Phase II study of cladribine plus low-dose cytarabine alternating with decitabine in elderly patients with acute myeloid leukemia

In the August 2018 issue of Lancet Haematology, a group of researchers from the MD Anderson Cancer Center, Houston, TX, published data from an open-label phase II study (NCT01515527), which is assessing a new low-intensity regimen of cladribine plus low-dose cytarabine (LDAC) alternating with decitabine in elderly or unfit patients with newly diagnosed acute myeloid leukemia (AML).

One hundred and eighteen elderly or unfit patients (median age = 69 years, range 65–73) with newly diagnosed AML were enrolled sequentially into this phase II study. Patients received cladribine plus LDAC for two 28-day cycles alternating with decitabine for two 28-day cycles for up to 18 cycles. For induction, patients received cladribine (5 mg/m² on days 1–5) plus LDAC (20 mg subcutaneously on days 1–10 [cycle A]). Patients who achieved remission then received a consolidation therapy consisting of cladribine (5 mg/m² on days 1–3) and LDAC (20 mg subcutaneously on days 1–10) alternating with decitabine (20 mg/m² intravenously on days 1–5 [cycle B]). The primary objective of the study was disease-free survival (DFS).

Key findings:

Efficacy

• Median follow-up: 37.2 months
• Objective response: 68% (80/118)
  • Complete response (CR): 58% (69/118)
  • CR with incomplete count recovery: 9% (11/118)
• Median duration of remission in responders: 14.7 months (7.0–not reached)
• Median overall survival in all patients: 13.8 months (6.9–28.6 months)
• Median OS in responders and non-responders: 16.2 vs 4.7 months
• Median DFS in all patients: 10.8 months (5.4–25.9 months)

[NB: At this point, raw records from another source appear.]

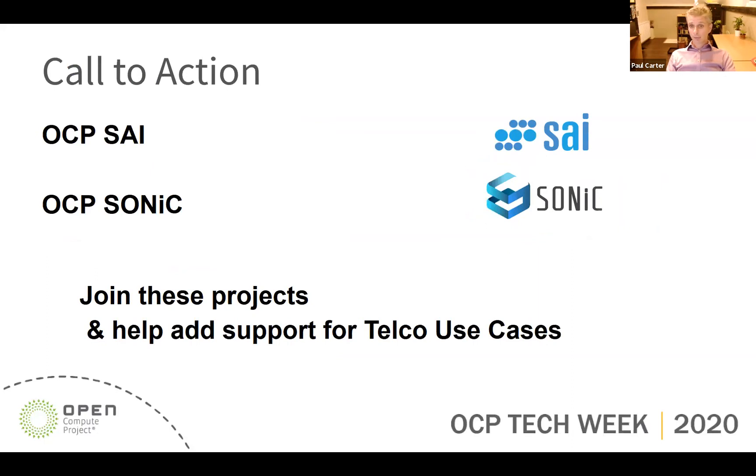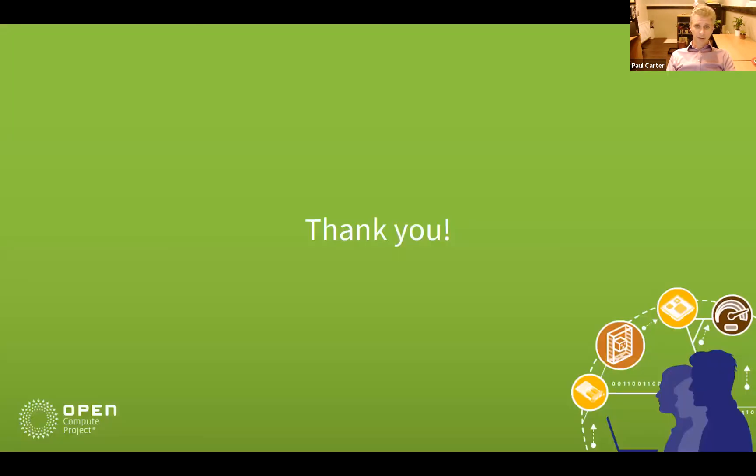Thank you for your time today. If this talk has sparked your interest, whether you are a vendor, ASIC manufacturer, operator or systems integrator, I'd urge you to get involved. SONiC already has a community of more than 850 members including major cloud operators, service providers, silicon and component suppliers, network hardware OEMs, ODMs and systems integrators. Extensions to the SAI API will also be needed to support programming of new objects to ASICs, and the SAI has a very active community within OCP. MetaSwitch looks forward to working with everyone to specify and implement these changes.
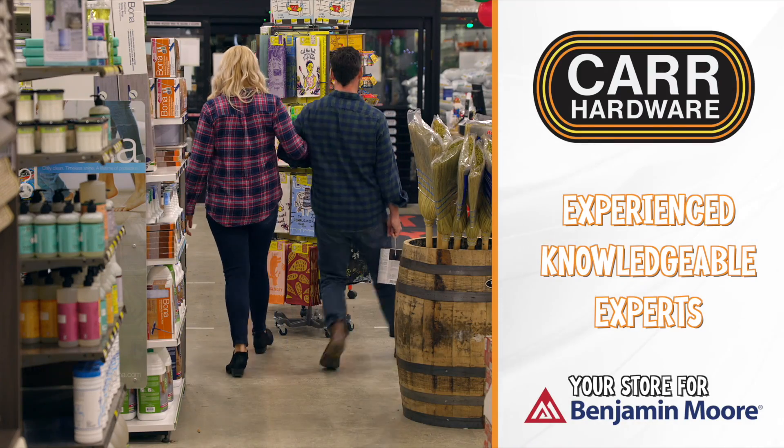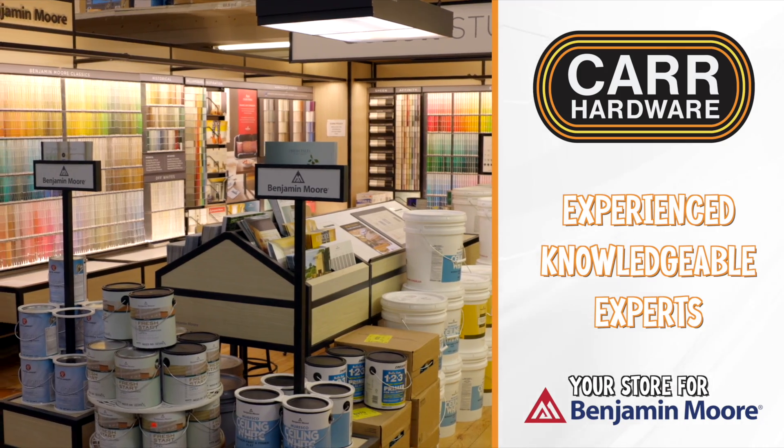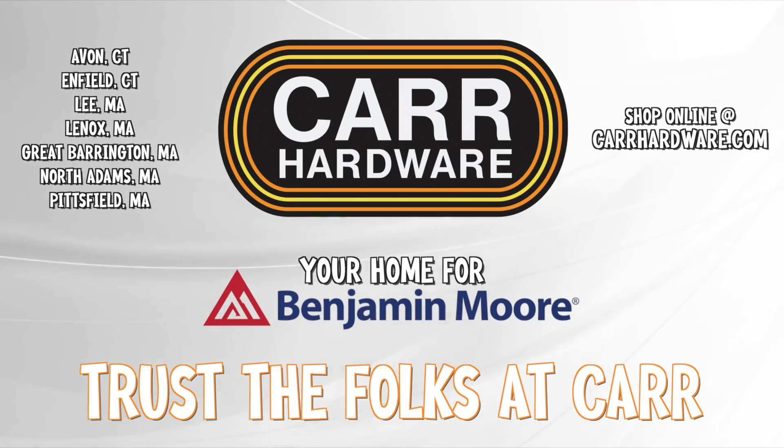Carr Hardware's experienced and knowledgeable experts in paint and color matching will help you get your project done. The choice is easy. Trust the folks at Carr.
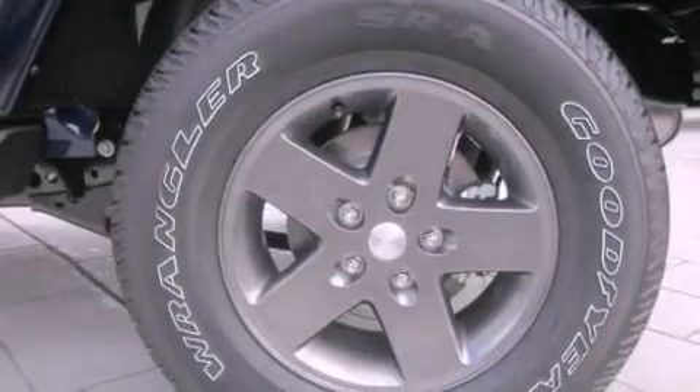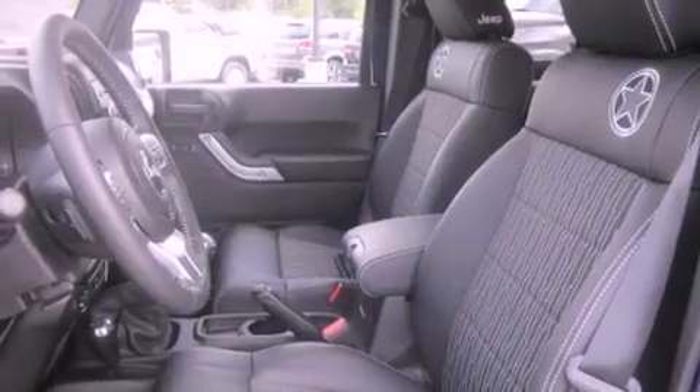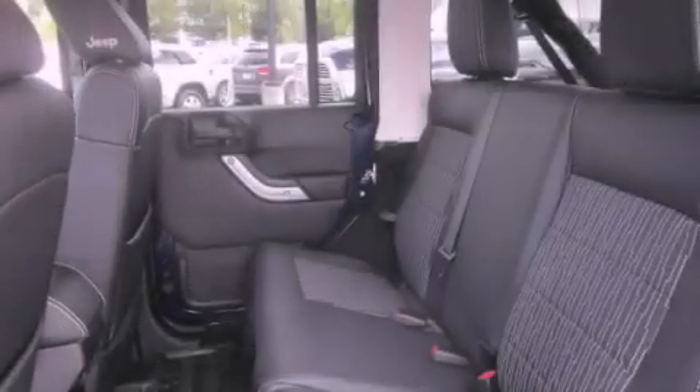Its top features include traction control and stability control systems, commercial-free satellite radio, alloy wheels, and a tire pressure monitoring system.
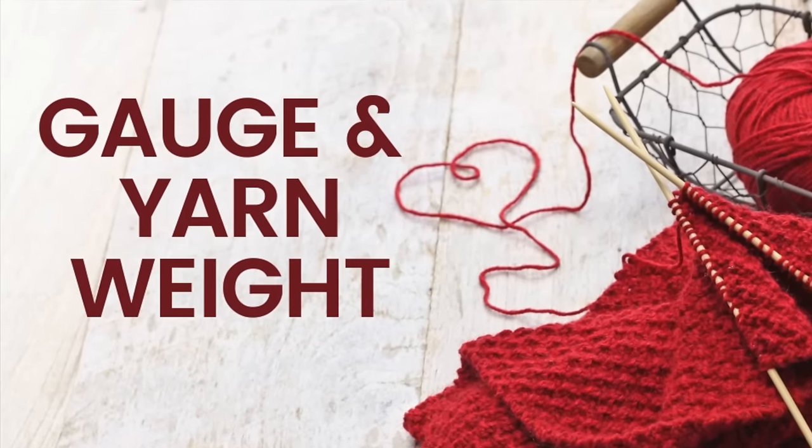Now, mistake number one is yarn weight and gauge. Our little story at the beginning — she got this one right. She chose a beautiful color and mentioned her yarn matched the gauge in the pattern. That's the first step when choosing a substitute yarn.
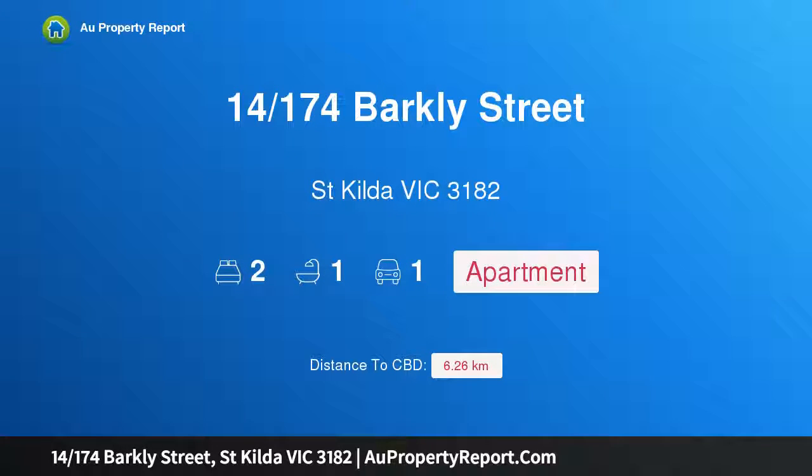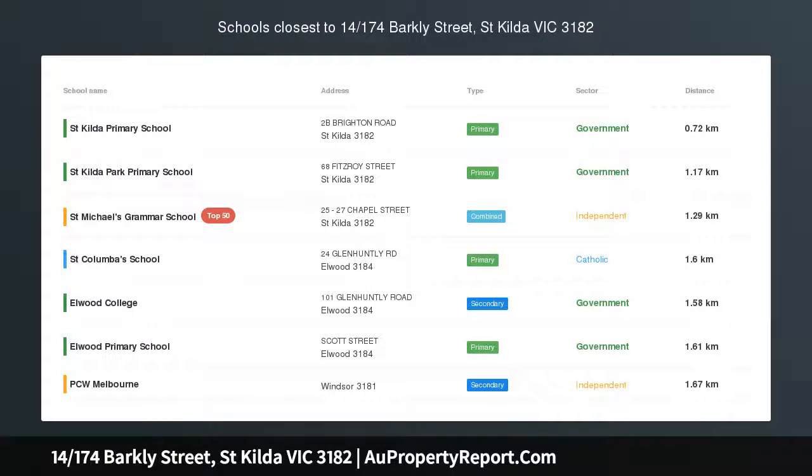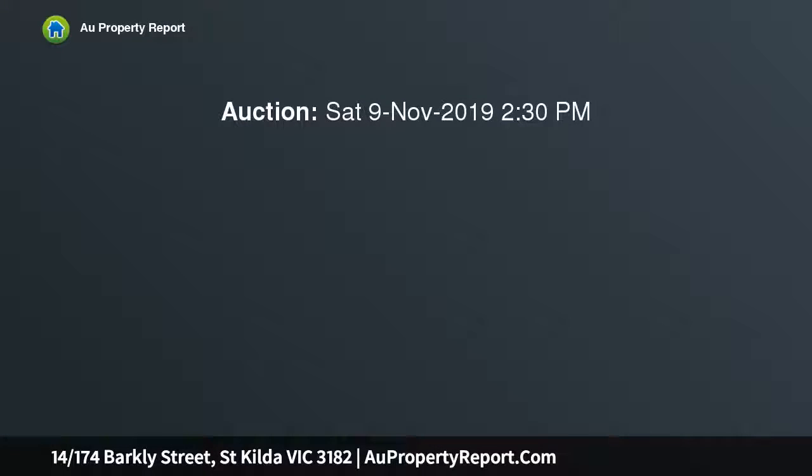Hi, I am glad to introduce property 14174th Sparkly Street, St Kilda Victoria 3182 — light and spacious in a fantastic location with balcony. Take advantage of everything Bayside Living has to offer in this spacious two bedroom apartment in the heart of St Kilda.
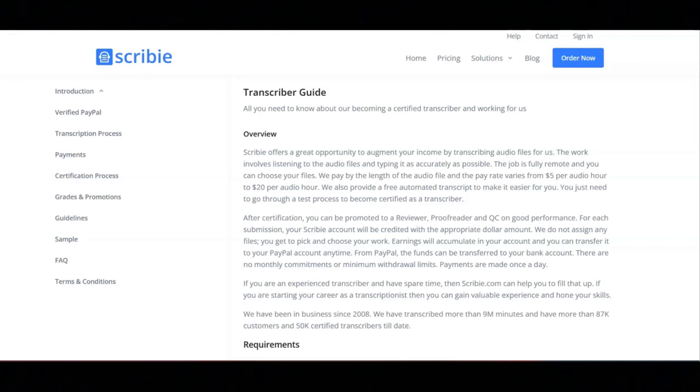During the last step, your submission will be graded when the file is delivered to a customer. Depending upon the grade, you will either be certified as a transcriber and be paid for the test file, or rejected.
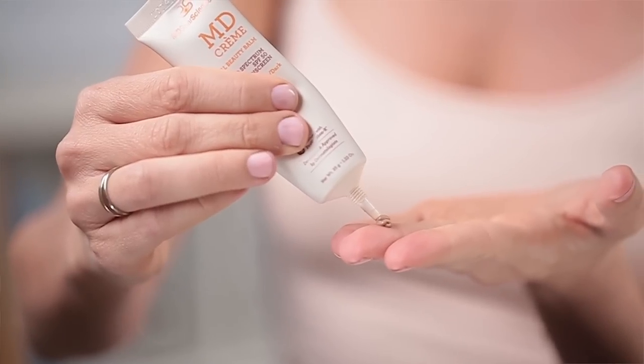Unlike most zinc-based sunscreens, this one is different. It has a beautiful whipped lightweight formula and won't leave that white film on your skin. If you're looking for a one-stop shop for your skin, here it is. Not only does it brighten and correct, but it also protects — what more can you ask for?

Minimal residual disease (MRD)

• MRD was performed at the time of response assessment (at day 30 and 60) in 71 patients
• At day 30, 27 (52%) of the 52 patients who achieved objective response with MRD data were MRD negative
• At day 60, 13 (50%) of the 26 patients who achieved objective response with MRD data were MRD negative
• MRD positivity at day 60 associated with inferior OS

Safety

• The most common study-related adverse events were elevated total bilirubin, rash, and nausea
• Four-week mortality rate: 1% (1/118)
• 8-week mortality rate: 7% (8/118)

In summary, this new low-intensity regimen of cladribine plus LDAC alternating with decitabine was well tolerated and effective in elderly or unfit patients with AML. Additionally, “response to therapy was associated with longer survival”.

Key limitations of this study include the risk of selection bias, the inclusion criteria were not flexible enough to allow a broad enrollment of patients and lack of information about subsequent treatment for patients whose AML relapsed during the study.